Since the mid-1970s, the European Union has played an important role in protecting working people from exploitation and combating discrimination. These EU rights have provided an important counter-balance against pressure for the UK to adopt a US-style hire-and-fire culture where there is an absence of statutory employment rights.”

Beyond the sheer rise in unemployment, though, Brexit makes the UK a much less attractive place for foreign direct investment, which could have contributed to economic growth and created a lot of new jobs.

FDI: Foreign direct investment is not something most average people think about. The UK has long been one of the world’s most attractive FDI recipients because it had a unique set of attributes that companies looking to locate and invest need and want, including being an English-speaking country with (at least in London) an international, multilingual population, great infrastructure and access to the European single market.

Britain now risks a very unvirtuous circle in which a slowing economy and growing trade and immigration barriers cause companies to leave, spurring even more economic pain.

“Brexit makes the UK a less attractive environment to invest in, particularly for companies that rely on the UK’s access to the single market,” said LSE economist Thomas Sampson. “Some companies are likely to relocate some of their activities to continental Europe, though probably not every company that threatens it is going to do it.”

I take FDI more personally, as I have worked in this industry for some time and have seen how the trends move. A company – large or small – looking at its options for relocating and investing will benchmark UK against other European locations, and where once UK competed favorably, the exit from the single market will exclude the UK from serious consideration. It’s quite complicated and multifaceted. (Ireland will probably benefit from the UK’s “taking back control”.)

Economic slowdown: Economic slowdown can mean a lot of different things, which encompass many of the other points in this list (stagnant growth, unemployment, etc.). It also includes a downturn in business output and in optimism, which have already been affected by Brexit. It can also mean that a recession is coming. The uncertainty I wrote about above also leads to a “deer-in-the-headlights” effect, where businesses are fearful of taking any action, which can likewise contribute to negative economic consequences.

Trade fits into this equation. With Britain exiting the EU, Britain will no longer be party to the trade agreements made by/within the EU. It will probably have to renegotiate and start from scratch on trade arrangements (more than 100 of them), and while the Leave campaigners claimed this would be easy, that Britain had so much to offer – so much leverage – nothing is further from the truth. US President Barack Obama even stated as much, saying Britain is at the back of the queue.

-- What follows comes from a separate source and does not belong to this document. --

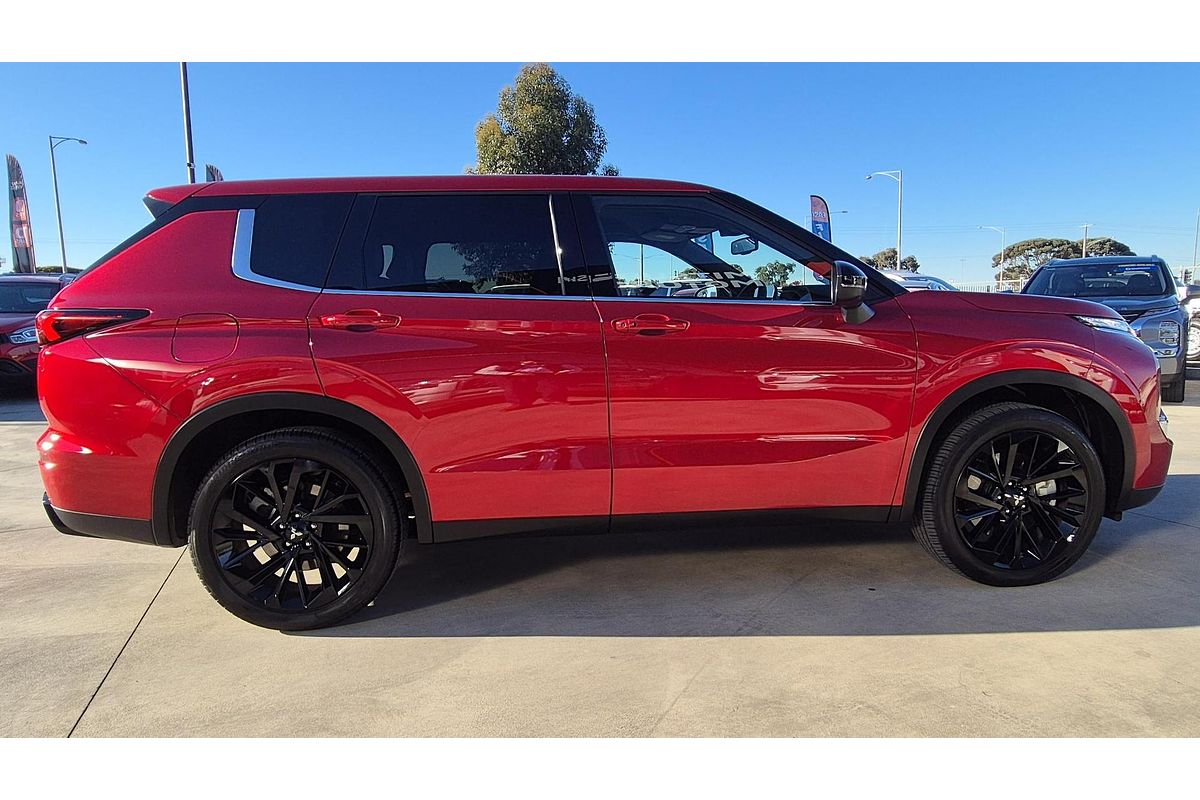 2024 Mitsubishi Outlander Black Edition ZM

Property values/housing: In a classic case of people voting on an isolated, single issue – and not really understanding the complexity of it, many voters cited (potential) property price decreases (the Treasury warned that house prices would decrease as much as ten percent) as their reason for voting to leave the EU. Aside from the fact that voting should be about benefit to the entire country, not just what you individually think you can gain, this is naïve voting. Maybe property prices decrease as a result of Brexit, but it conversely means that property values decrease, so those Britons who already own property may experience negative equity, which could be particularly acute in northern England and real losses on their investment. The danger in focusing on a single issue also fails to take into account all the other factors at work, e.g., unemployment, wage stagnation and recession, which may lead many people to not be able to afford a home no matter how far property prices fall.

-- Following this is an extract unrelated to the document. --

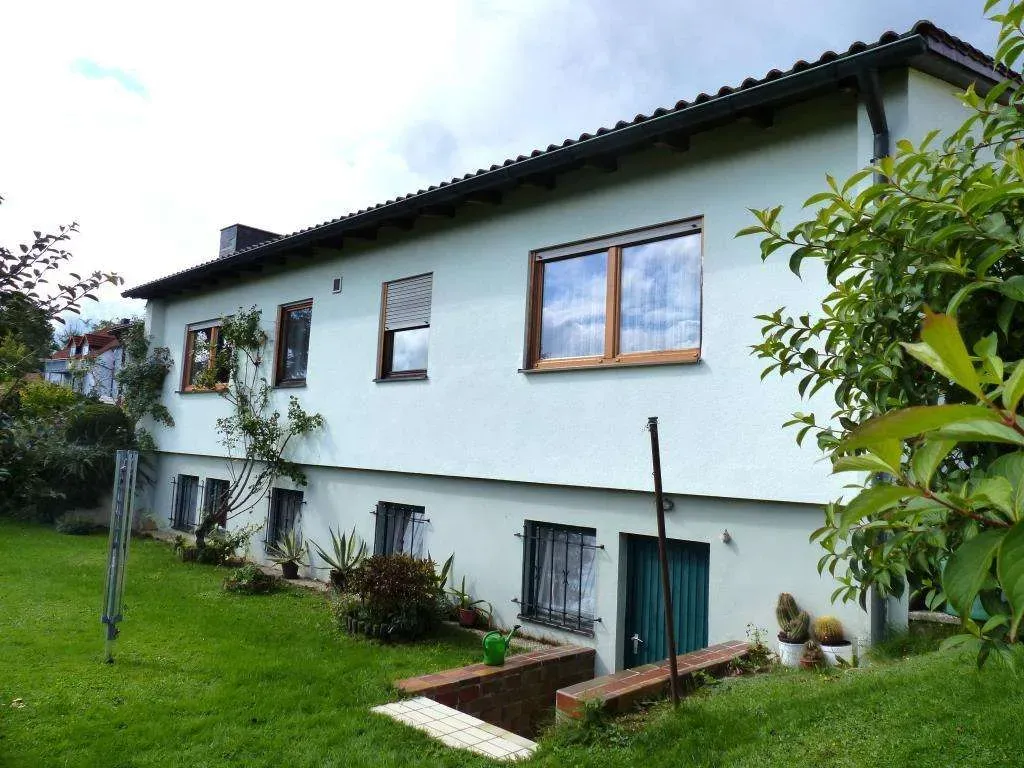 TOP!!! Ansprechendes Wohnhaus im Bungalowstil, mit Doppelgarage und herrlichem Fernblick – Bild 1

Freedom of movement: The free movement of people is one of the central tenets of the European experiment/experience. And nothing has been more central to the heated arguments around Brexit. Three million Europeans live in Britain; 1.2 million Britons live in the EU. They have jobs, pay taxes, are married to other Europeans, own property, study, etc. All of this has been thrown into a bewildering state of inconclusiveness. No one knows if they will be allowed to stay or what Brexit means for their rights (inside or out of the UK). And Theresa May’s government has not done anything to make this clearer.

A large part of the Leave campaigning focused on “taking control of” immigration and the borders of the UK; most Britons, though, did not think about what leaving would mean for their own mobility. Or what that would mean for their friends, family members and colleagues who already live in Britain – and what that uncertainty and what a mass expulsion of Europeans would mean for the economy (no, it does not automatically mean that there will be floods of open jobs for British citizens; so many Europeans work in Britain in the first place because companies often have unique needs and Europeans unique qualifications that match up; some Europeans will do jobs that British people don’t want to do).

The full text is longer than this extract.